### Exercise
Restate every record word for word, without the pictures.

Stored data entries
*-*-*

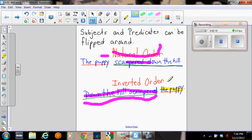Alright, quick review. Natural order, the subject comes first, then the predicate. Inverted order, the predicate comes first, and then the subject.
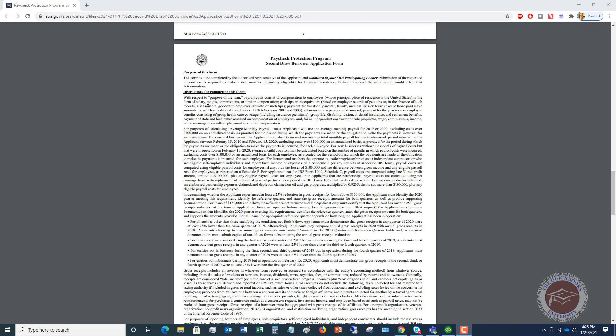Okay, so let's talk about payroll costs. If you read through this, it says consists of compensation to employees whose principal place of residence is in the U.S. in the form of salary, wages, this includes hourly, salary, commissions, or similar compensation, cash tips, or the equivalent, based on employer records of past tips, or in the absence of such records, a reasonable good faith employer estimate. So if you don't have it, you can do an estimate of the tips.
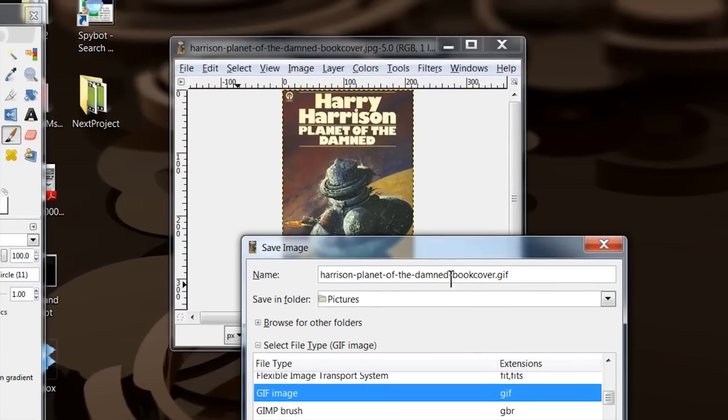Give it a name, it's going to call it whatever it was dot GIF, it'll change it to, or excuse me, dot JPEG, it'll change it to dot GIF.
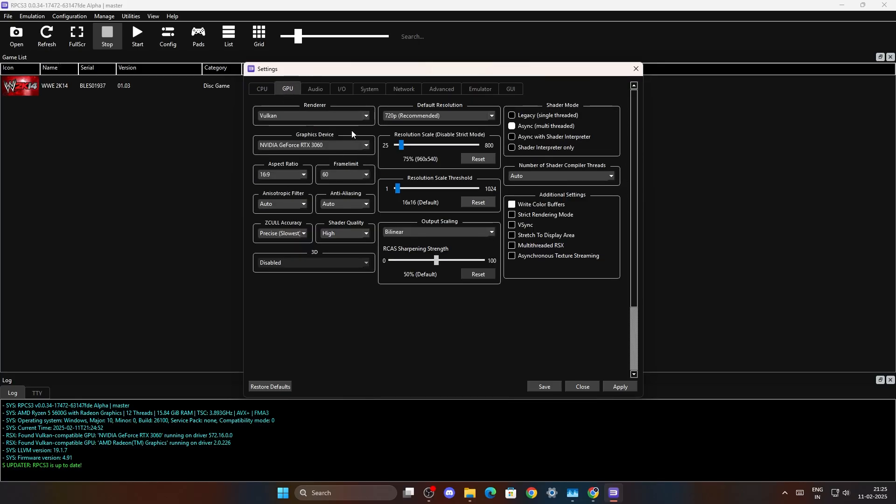And if I come to the GPU section, as you can see these are my settings and the resolution scale I keep it below 720p because my graphics card is RTX 3060 and it sometimes has issues.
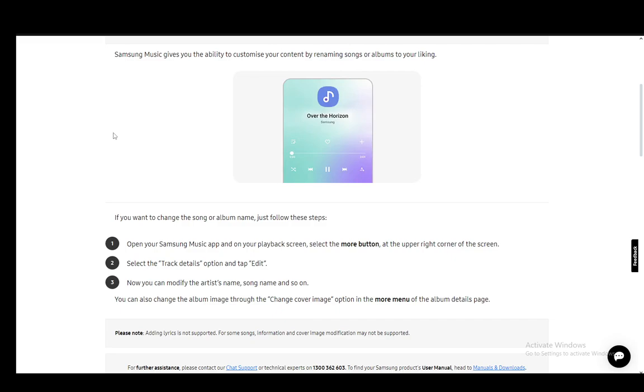Now what you need to do is open up your app and go onto your playback screen. Then once you're there, select the more button at the upper right corner of the screen. Then you need to select the track details option and tap edit, and you can modify whatever you would like from the details.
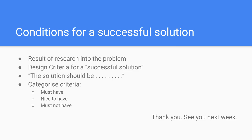Categorize these criteria in must have, nice to have, and must not have. These conditions will be the input for the next workshop. So, thank you for listening, and see you next week.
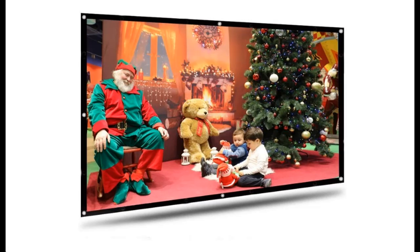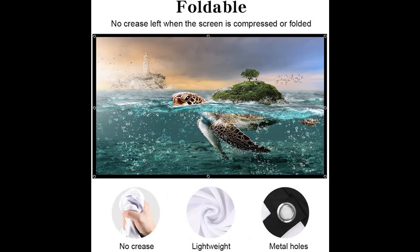Introduce short picture overview of Jimvia 100-inch projector screen, 16x9, foldable anti-crease portable projection screens, for home theater outdoor indoor use.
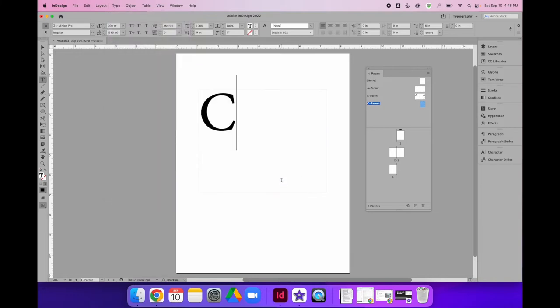When you do this, you will not see a number. You will see the letter of the parent page you're on. I'm on C parent, so I see a C. But if I were to apply this to page one, two, or three in my document, I would see a one, a two, or a three.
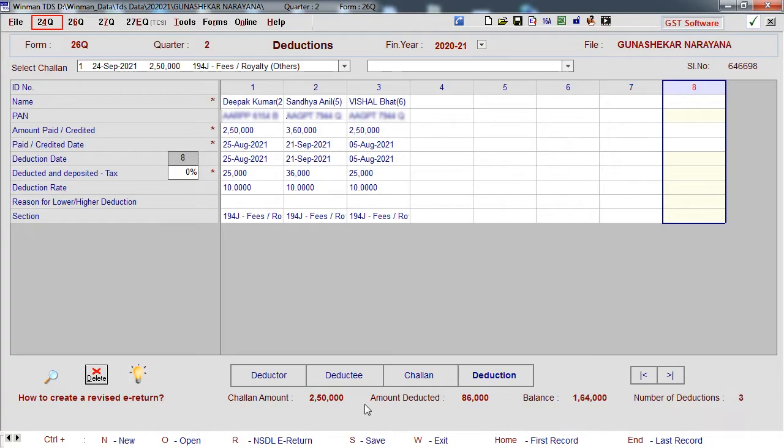Import salary details from Excel. Open 24Q, Quarter 4.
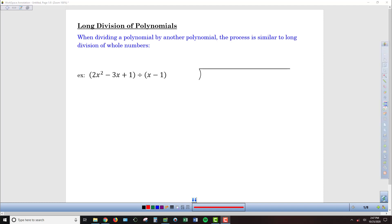We can perform long division of polynomials just the same way that we do long division with regular numbers. For example, to take a ride in the Wayback Machine, let's say we were dividing 825 by 7. So we wanted to do this using our long division algorithm.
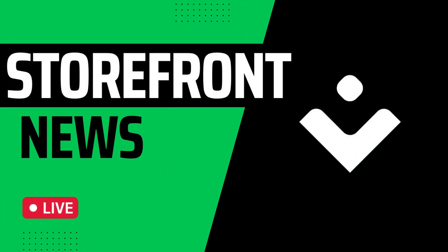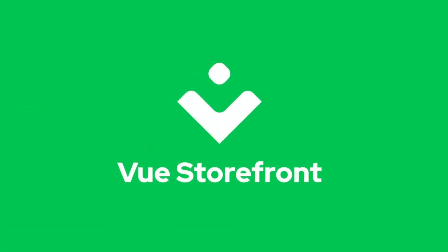Welcome to Storefront News, your source for news from around the e-commerce community. Brought to you by Vue Storefront. Visit VueStorefront.io for more.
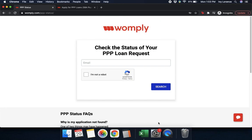Hi guys, this is Ivy from Womply. In this particular video, we're going to cover how to upload documents and how to verify bank information if you have been asked to do so via email. Let's go ahead and get started to hopefully make things a little bit easier.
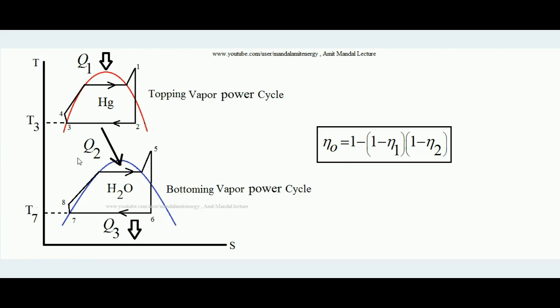I hope you have understood the thermodynamic concept of binary vapor cycle and what the merit of the binary vapor cycle is. Thank you.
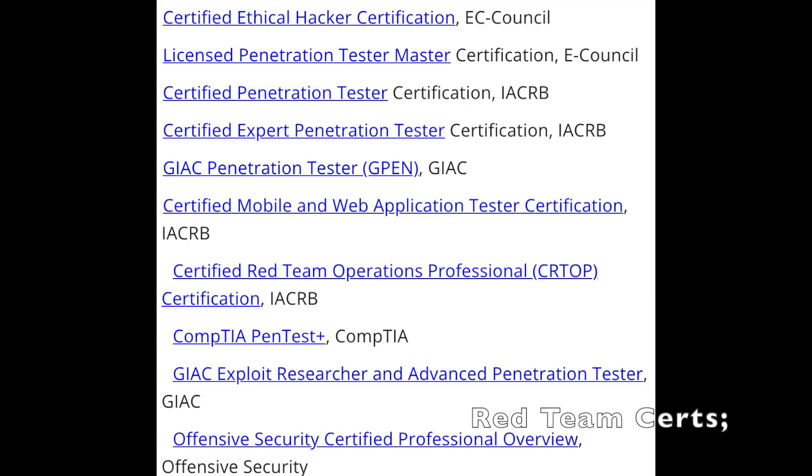I'd recommend getting hands-on experience first — through personal projects, TryHackMe, Hack The Box, or CTFs, which is also how I got my experience before joining a pen testing team. A lot of job listings ask for five to ten years, but don't be afraid to apply. If the tools and projects are on your resume, you're probably already in the 50th percentile of candidates. Years listed on job postings are often unrealistic.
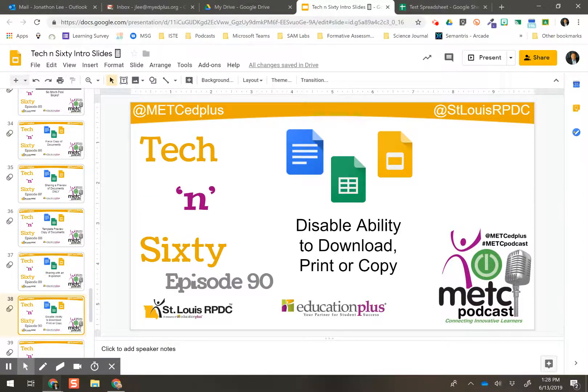Tech 'n' Sixty, episode 90. Nine zero, ten away from 100. Oh, I'm so excited!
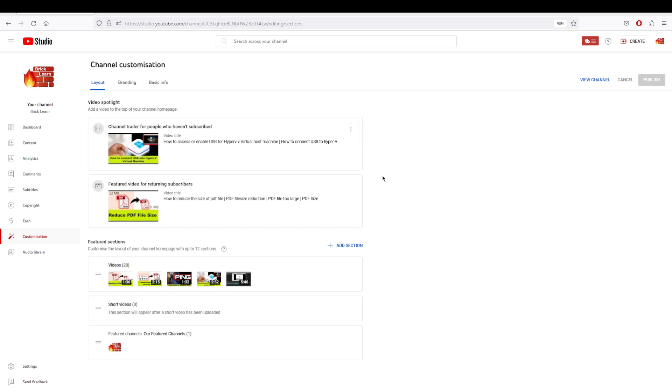If you want to feature a video for a subscriber who's already your viewer, you can highlight or spotlight the most recent video. Nothing very complicated—go to customization and in the layout under the video spotlight section, select a specific video.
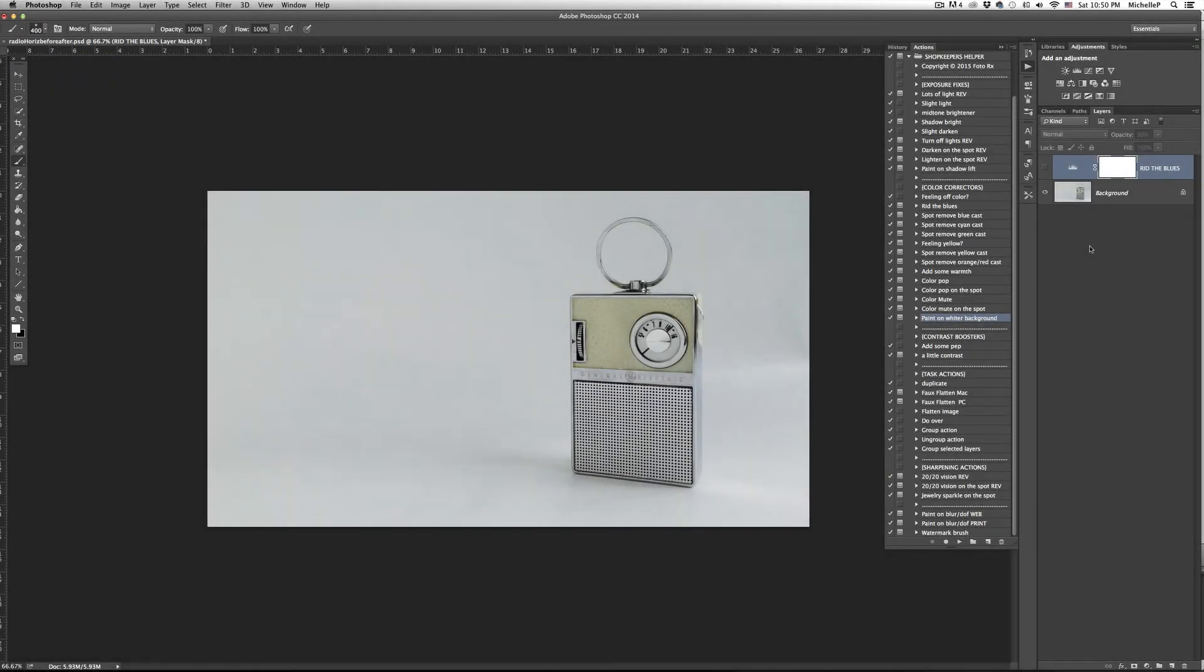Hi everyone, it's Michelle. There's a superstar in our PhotoRx Shopkeeper's Helper action set that you just have to see.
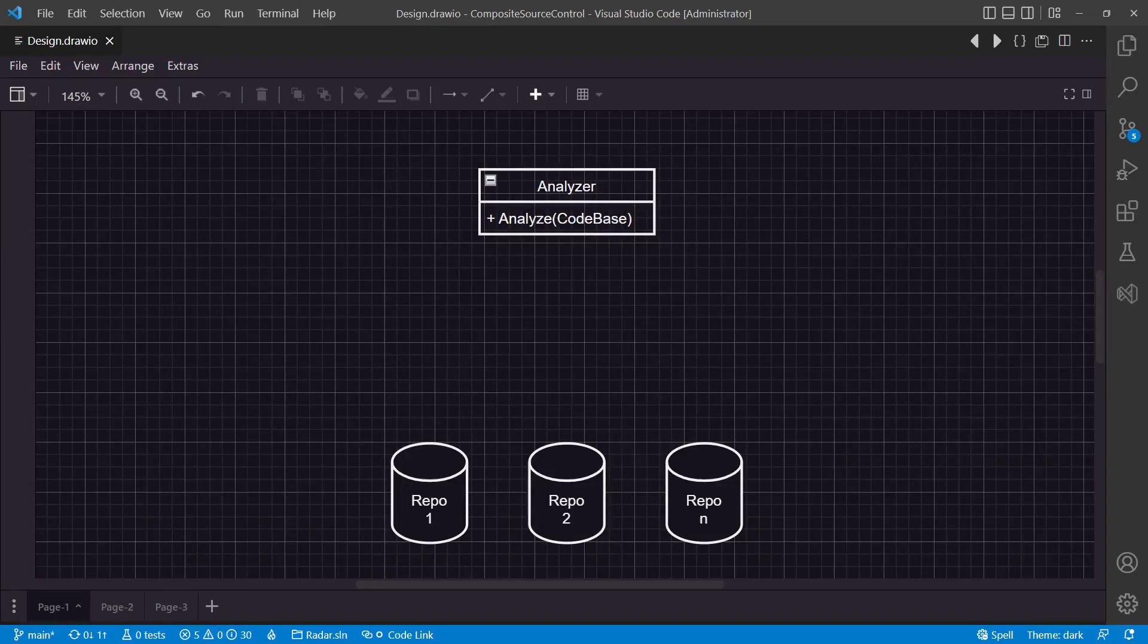Recently in one of my projects, we had the following challenge. This project is about performing some analysis on the source code of the other projects we have in our company.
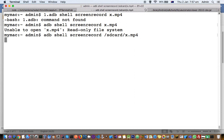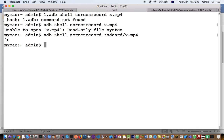You can see that now the error is not coming — it is recording the screen of my emulator. To end the recording, you can press Ctrl+C. That's it. The fix is simply to give the correct sdcard path. Thank you for watching.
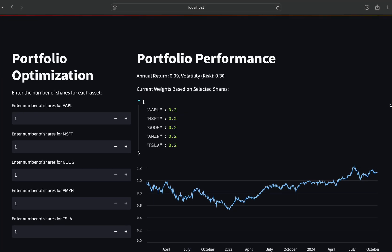Hello and welcome! I am excited to share with you this powerful portfolio optimization dashboard built with Python and Streamlit.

*-*-*

### Task answer
Alright, quick review. Natural order, the subject comes first, then the predicate. Inverted order, the predicate comes first, and then the subject.
Okay, so let's talk about payroll costs. If you read through this, it says consists of compensation to employees whose principal place of residence is in the U.S. in the form of salary, wages, this includes hourly, salary, commissions, or similar compensation, cash tips, or the equivalent, based on employer records of past tips, or in the absence of such records, a reasonable good faith employer estimate. So if you don't have it, you can do an estimate of the tips.
Give it a name, it's going to call it whatever it was dot GIF, it'll change it to, or excuse me, dot JPEG, it'll change it to dot GIF.
And if I come to the GPU section, as you can see these are my settings and the resolution scale I keep it below 720p because my graphics card is RTX 3060 and it sometimes has issues.
Now what you need to do is open up your app and go onto your playback screen. Then once you're there, select the more button at the upper right corner of the screen. Then you need to select the track details option and tap edit, and you can modify whatever you would like from the details.
Categorize these criteria in must have, nice to have, and must not have. These conditions will be the input for the next workshop. So, thank you for listening, and see you next week.
Introduce short picture overview of Jimvia 100-inch projector screen, 16x9, foldable anti-crease portable projection screens, for home theater outdoor indoor use.
When you do this, you will not see a number. You will see the letter of the parent page you're on. I'm on C parent, so I see a C. But if I were to apply this to page one, two, or three in my document, I would see a one, a two, or a three.
Import salary details from Excel. Open 24Q, Quarter 4.
We can perform long division of polynomials just the same way that we do long division with regular numbers. For example, to take a ride in the Wayback Machine, let's say we were dividing 825 by 7. So we wanted to do this using our long division algorithm.
Welcome to Storefront News, your source for news from around the e-commerce community. Brought to you by Vue Storefront. Visit VueStorefront.io for more.
Hi guys, this is Ivy from Womply. In this particular video, we're going to cover how to upload documents and how to verify bank information if you have been asked to do so via email. Let's go ahead and get started to hopefully make things a little bit easier.
I hope you have understood the thermodynamic concept of binary vapor cycle and what the merit of the binary vapor cycle is. Thank you.
I'd recommend getting hands-on experience first — through personal projects, TryHackMe, Hack The Box, or CTFs, which is also how I got my experience before joining a pen testing team. A lot of job listings ask for five to ten years, but don't be afraid to apply. If the tools and projects are on your resume, you're probably already in the 50th percentile of candidates. Years listed on job postings are often unrealistic.
Tech 'n' Sixty, episode 90. Nine zero, ten away from 100. Oh, I'm so excited!
If you want to feature a video for a subscriber who's already your viewer, you can highlight or spotlight the most recent video. Nothing very complicated—go to customization and in the layout under the video spotlight section, select a specific video.
Hi everyone, it's Michelle. There's a superstar in our PhotoRx Shopkeeper's Helper action set that you just have to see.
Recently in one of my projects, we had the following challenge. This project is about performing some analysis on the source code of the other projects we have in our company.
You can see that now the error is not coming — it is recording the screen of my emulator. To end the recording, you can press Ctrl+C. That's it. The fix is simply to give the correct sdcard path. Thank you for watching.
Hello and welcome! I am excited to share with you this powerful portfolio optimization dashboard built with Python and Streamlit.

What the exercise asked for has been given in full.